Richard: Chelsea, you mentioned that some of the remediations for fairness issues in machine learning are themselves controversial. Can you go into an example or so about that?

Chelsea: Yeah, I guess part of what I meant there is that even coming up with a definition for what is fair is unclear. It’s unclear what even the problem specification is, and without a problem specification, without a definition of what you want your system to be doing, creating a system that’s fair is a challenge if you don’t have a definition for what fair is.

Richard: I see.

Ariel: So then, my last question to you both, as we look towards 2018, what are you most excited or hopeful to see?

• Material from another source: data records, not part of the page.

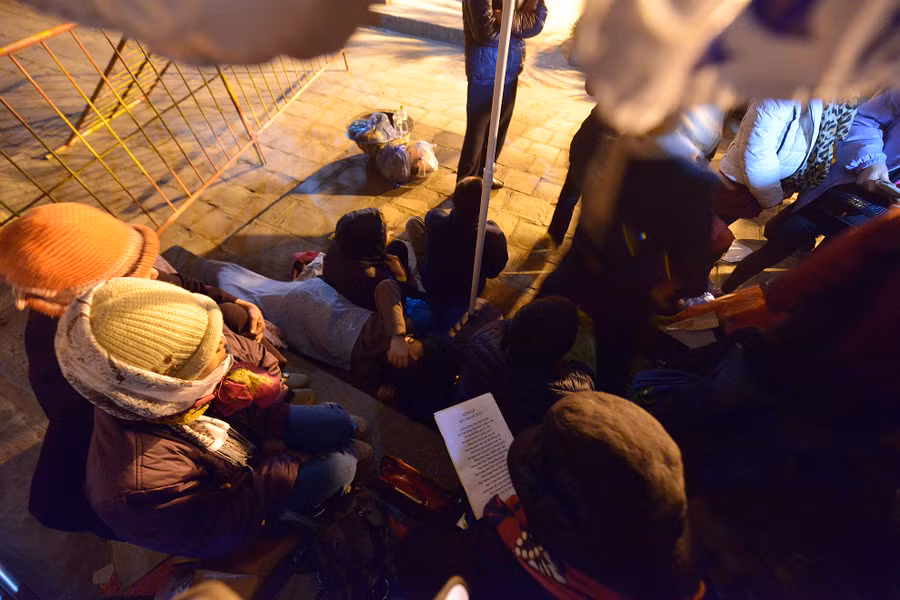 Trước đó, nhiều người nằm vạ vật đợi chờ trong đêm lạnh để được mua ấn sớm.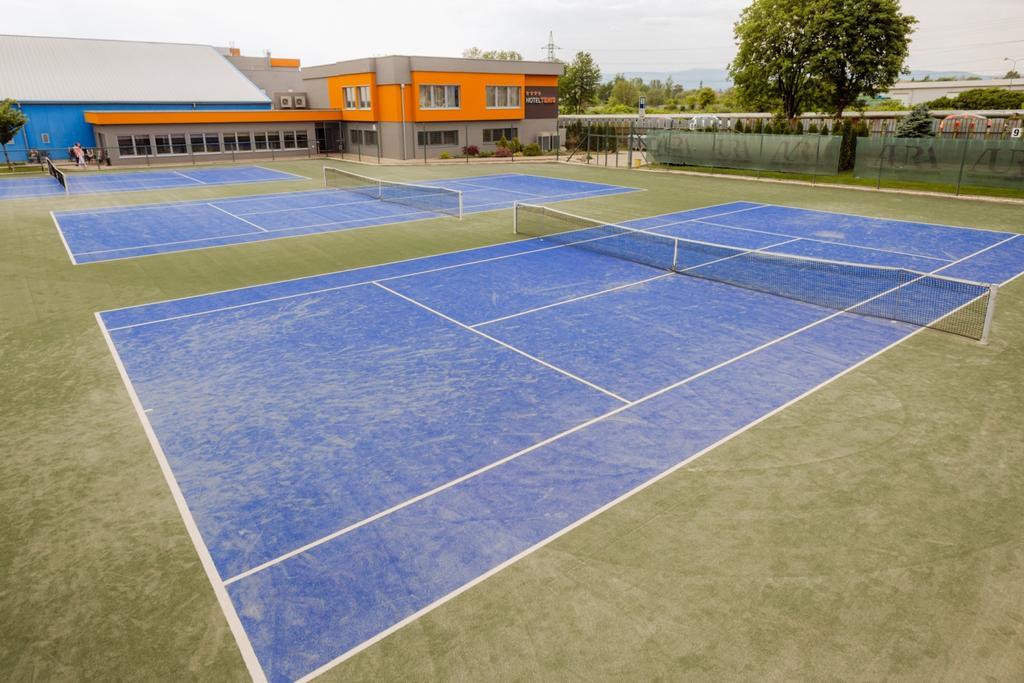 Hotel Tenis 兹沃伦 外观 照片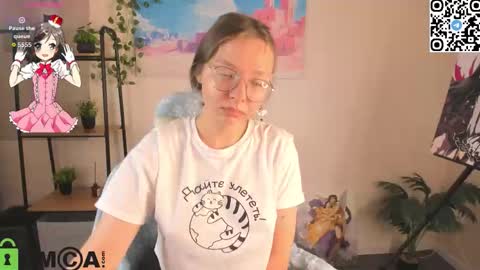 Snapshot of noora_moore chatting on October 30, 2025, 12:45 am NOORA online show from October 30, 2025, 12:45 am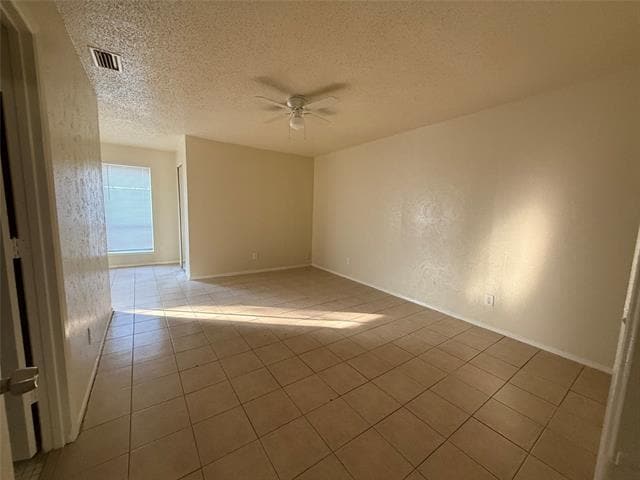 Building Photo - 5005 Galaxie Rd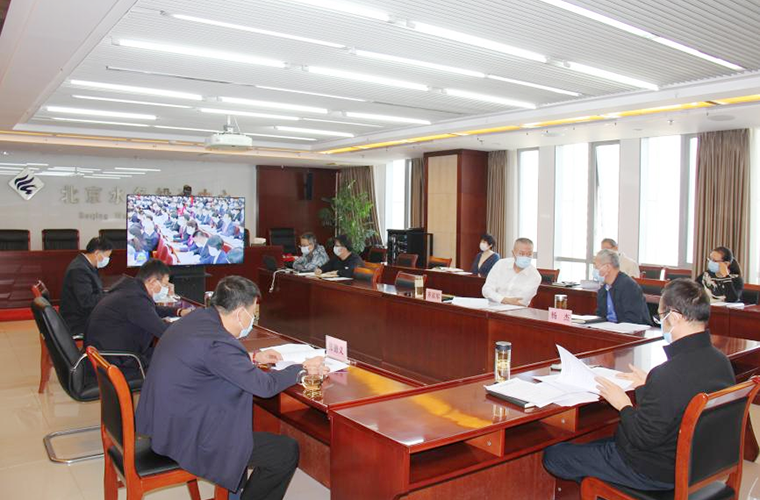 人生就是博官网党委理论学习中心组专题学习党的二十大报告精神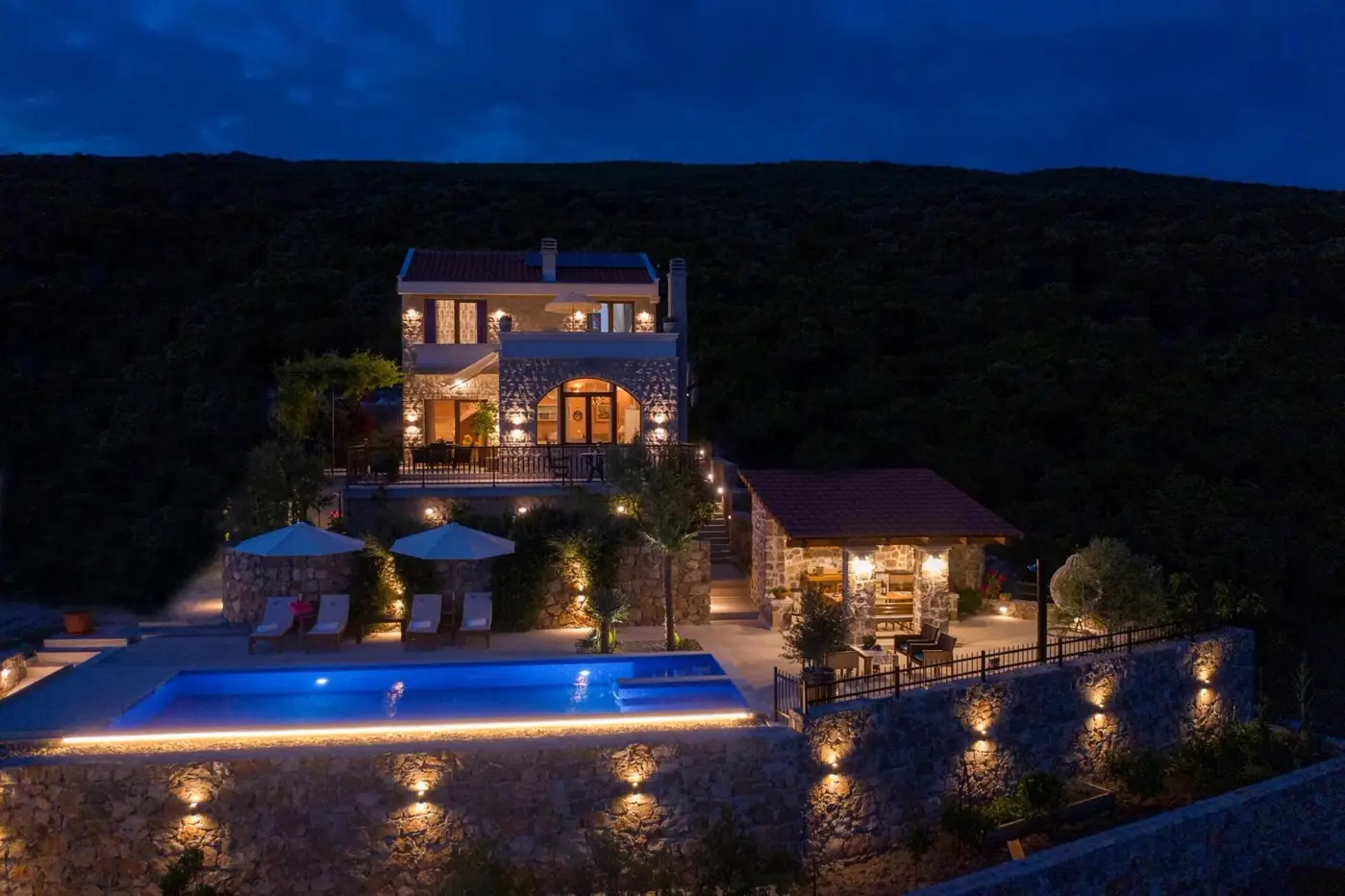 Authentic villa with pool and panoramic sea view, Zagora, Kotor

Richard: I’m very hopeful for the FLI grants program that we announced at the very end of 2017 leading to some very interesting and helpful AI safety papers and AI safety research in general that will build on past research and break new ground and will enable additional future research to be built on top of it to make the prospect of general intelligence safer and something that we don’t need to fear as much. But that is a hope.

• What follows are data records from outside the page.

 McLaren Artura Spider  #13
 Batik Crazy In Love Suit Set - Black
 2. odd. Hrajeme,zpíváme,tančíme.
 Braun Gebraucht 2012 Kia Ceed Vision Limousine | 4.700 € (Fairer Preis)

Ariel: And Chelsea, what about you?

Chelsea: I think I’m excited to see where metalearning goes. I think that there’s a lot more people that are paying attention to it and starting to research into “learning to learn” topics. I’m also excited to see more advances in machine learning for robotics. I think that, unlike other fields in machine learning like machine translation, image recognition, et cetera, I think that robotics still has a long way to go in terms of being useful and solving a range of complex tasks and I hope that we can continue to make strides in machine learning for robotics in the coming year and beyond.

Ariel: Excellent. Well, thank you both so much for joining me today.

Richard: Sure, thank you.

Chelsea: Yeah, I enjoyed talking to you.

 

This podcast was edited by Tucker Davey.